Tuesday, May 19, 2009
A pair of Chinons
I'd been having a hankering for some Loire cabernet franc, a hankering that had gone unsated for some time. Which is why it was propitious, then, to walk into Jay's apartment on a bright Sunday afternoon and see a handsome decanter standing next to an empty bottle with the pinkish label of Bernard Baudry's Croix Boissée. I walked up close to the artifact: 1996. A quick nose toward the top of the glass container indicated hints of just those savory, spicy qualities I had been thinking of.
Doubled was my pleasure when Chris appeared, an hour later, with a bag that included the unmistakable white-and-blue label of Olga Raffault's Chinon.

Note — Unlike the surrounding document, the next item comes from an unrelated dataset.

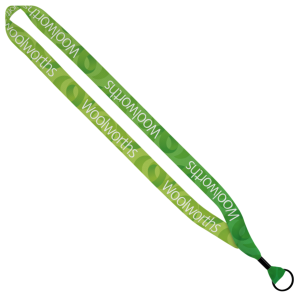 3/4" Recycled PET Dye-Sublimated Lanyard w/ Crimp & Split-Ring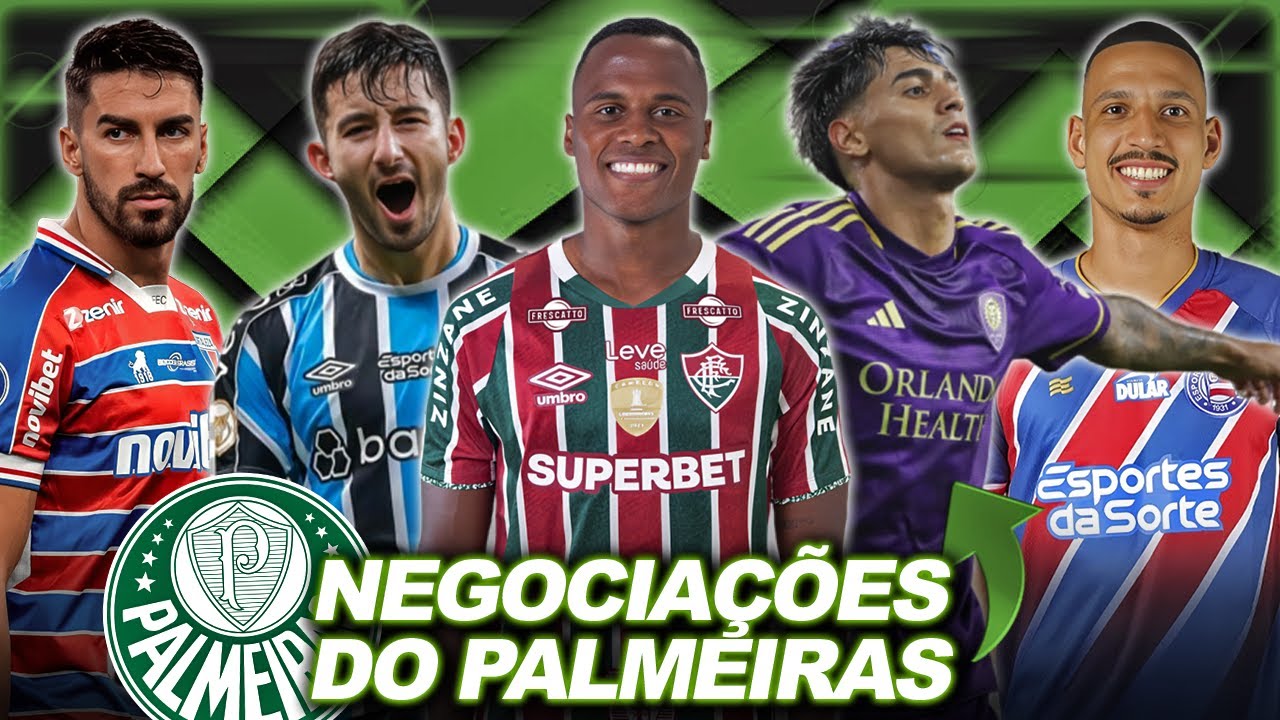 MERCADO DO PALMEIRAS PARA 2025 | Reforço chegando! Lucero novo 9? Jhon Arias, Villasanti, Torres E+!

A 1989 Picasses.
As the starting wines were poured (a lovely 1996 H. Billiot, deeply aromatic Ambonnay bubbles with a sapid quality and a nutty color; a surprising 1988 Piper Sonoma – Jay would say, "This does not have any right to be this good," and he wasn't wrong – followed by various Loire chenins, romorantins and sauvignons, including a 1924 Huet Le Haut-Lieu Moëlleux to pair with seared scallops), I thought on forward to the pleasures of the Chinons to come.
Good Chinon with age is like Chinon young. It hovers in timelessness, encapsulating the place with its bramble and dark fruit and violets.
Later, the Ligerian pair did not falter. The 1996 Baudry Croix-Boissée was smooth and fresh; perhaps a bit absent on the midpalate, but with good length sustaining it into its floral finish. And the 1989 Olga Raffault Chinon Picasses was a punch in the face, and I mean that in the most flattering way possible. Paired perfectly with leg of lamb, it was dark, brawny, rustic and perfect.
What more could one ask for?
Now I need some Breton Bourgueil to take care of the other side of the river, and all will be well.